• WORK ORDER: The output is the line containing "Zdjęcie 2 Niezidentyfikowana" plus every later line down to the end of the listing below, copied exactly. No pictures belong in it.

┌──

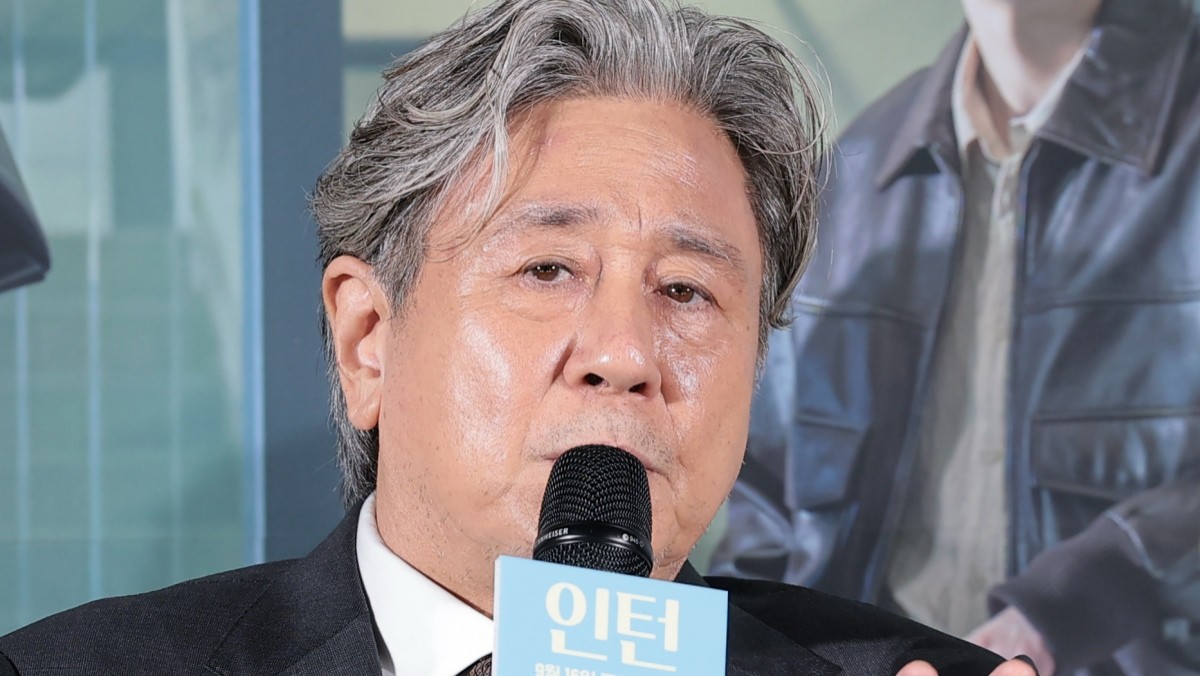 데뷔 45년차…64세 최민식이 소신 있게 지적한 프로답지 못한 행동 '1가지'
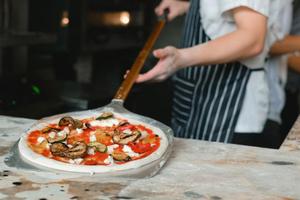 Pizzeria da Asporto e Consegna a Domicilio PRONTA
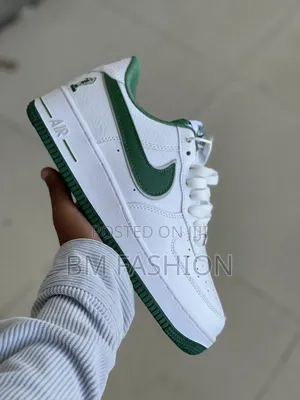 Nike Air Force 1 Authentic Quality (Timeless Style)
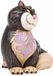 Disney Traditions Lucifer Mini Figurine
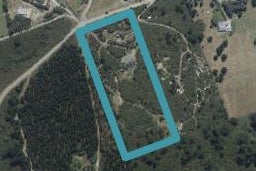 152 Green Road, Mount Cargill, Waitati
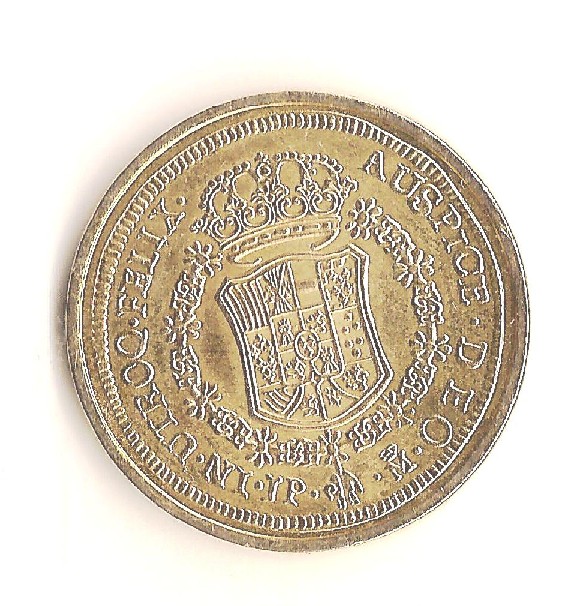 Zdjęcie 2 Niezidentyfikowana moneta: Moneda de españa, no se si es falsa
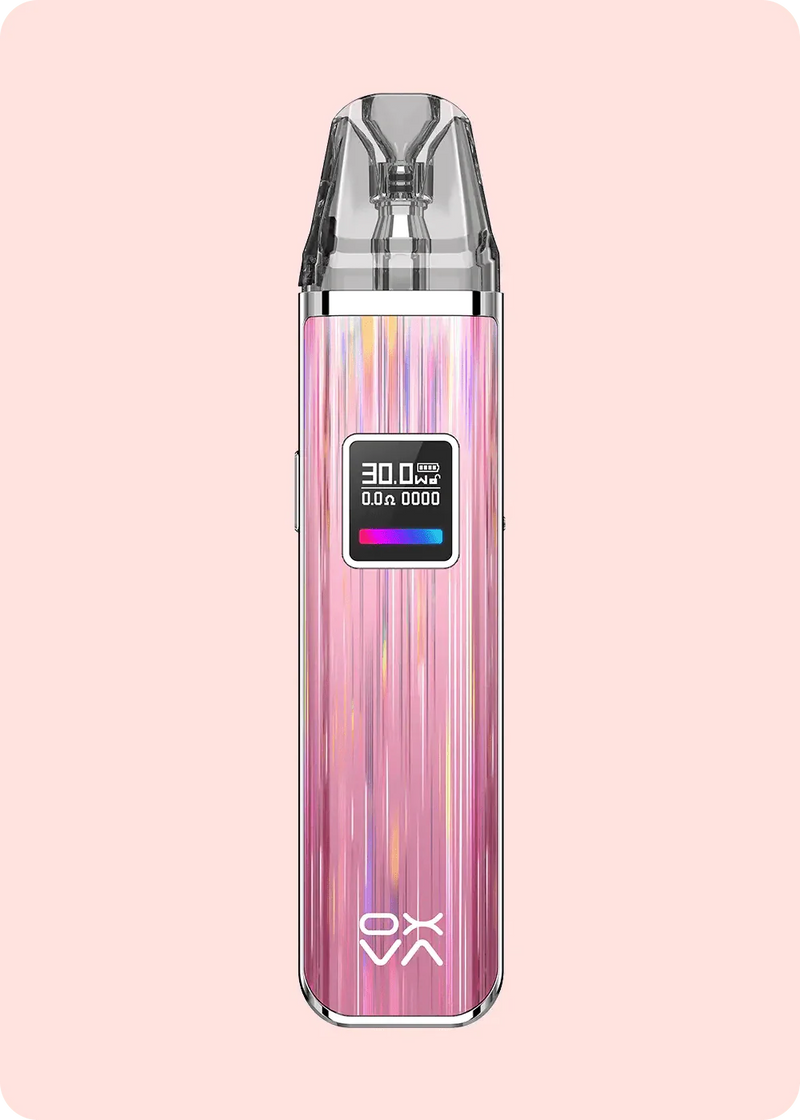 Load image into Gallery viewer, Xlim Pro pod kit Gleamy Pink

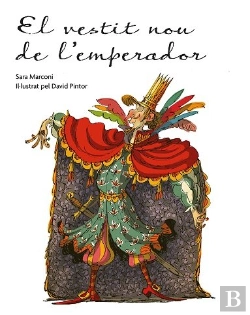 Bertrand.pt - El Vestit Nou De Lïemperador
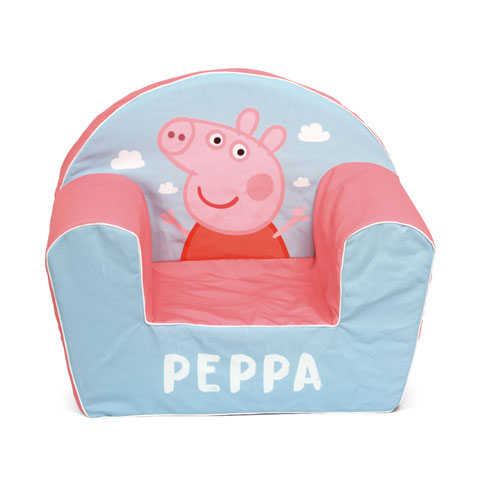 Peppa Pig Stoel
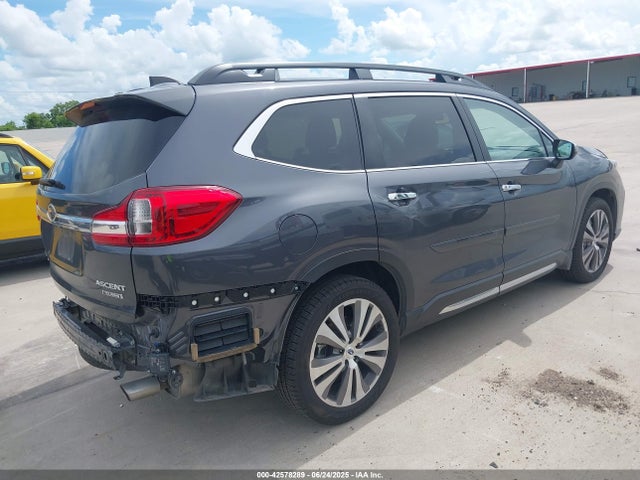 4S4WMARD2M3455135 Subaru Ascent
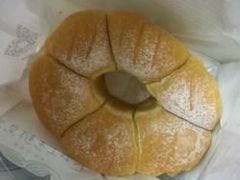 -爸爸糖吐司面包(郑州正弘城店)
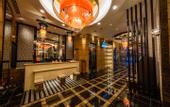 Туры в отель APA Hotel TKP Keikyu Kawasaki Ekimae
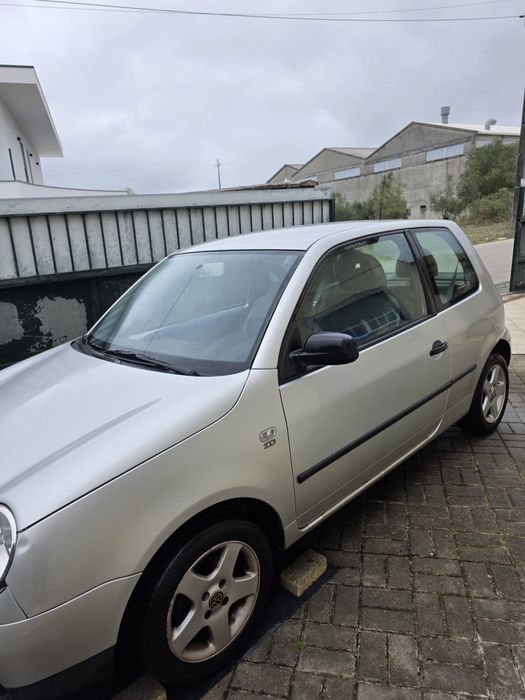 Vendo VW Lupo 2001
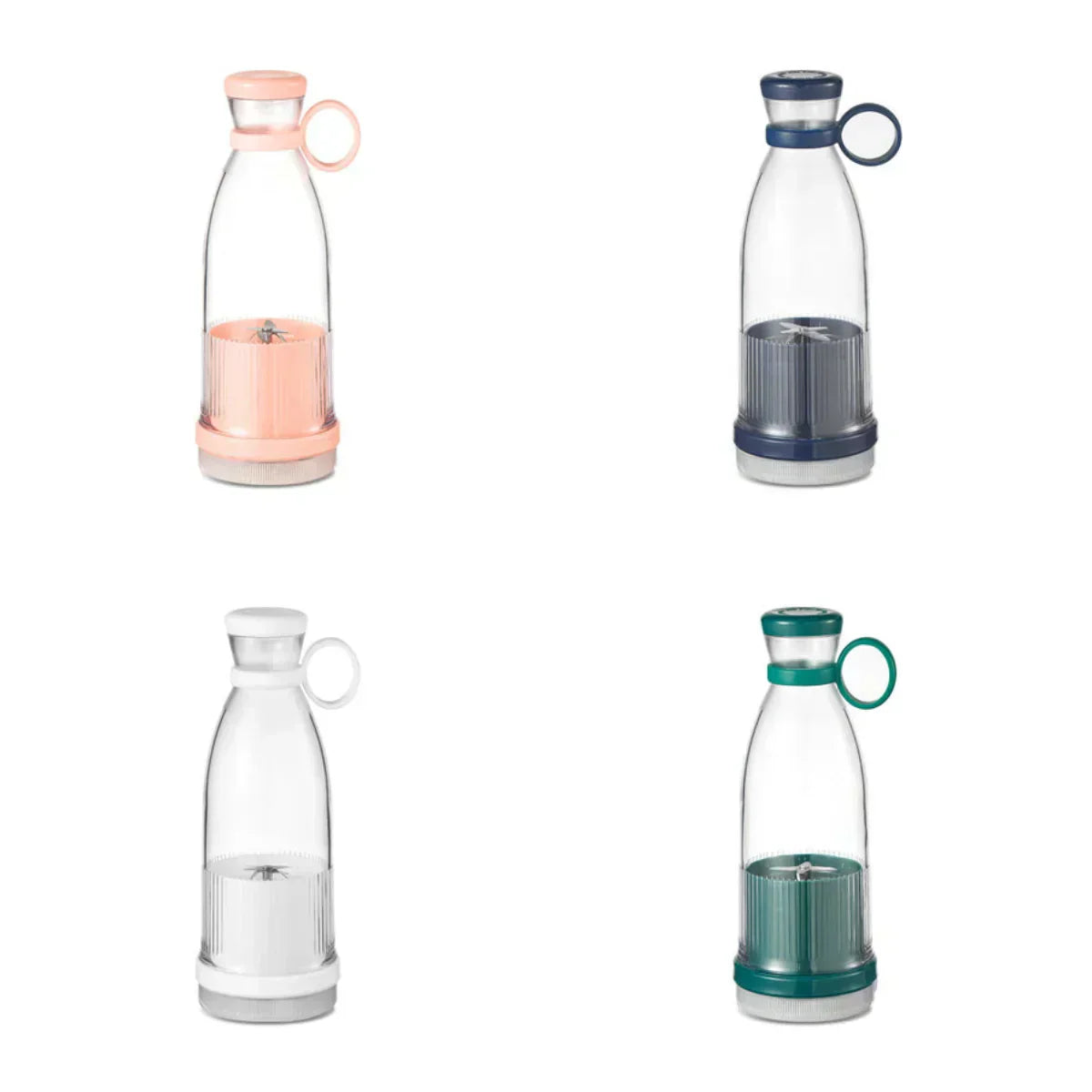 🥤🍊 50% RABATT! Bestseller Tragbarer Entsafter – Frischer Saft aus Früchten, Shakes & mehr – Perfekt für unterwegs ✨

└──

• THE ANSWER:
 Zdjęcie 2 Niezidentyfikowana moneta: Moneda de españa, no se si es falsa
 Load image into Gallery viewer, Xlim Pro pod kit Gleamy Pink

 Bertrand.pt - El Vestit Nou De Lïemperador
 Peppa Pig Stoel
 4S4WMARD2M3455135 Subaru Ascent
 -爸爸糖吐司面包(郑州正弘城店)
 Туры в отель APA Hotel TKP Keikyu Kawasaki Ekimae
 Vendo VW Lupo 2001
 🥤🍊 50% RABATT! Bestseller Tragbarer Entsafter – Frischer Saft aus Früchten, Shakes & mehr – Perfekt für unterwegs ✨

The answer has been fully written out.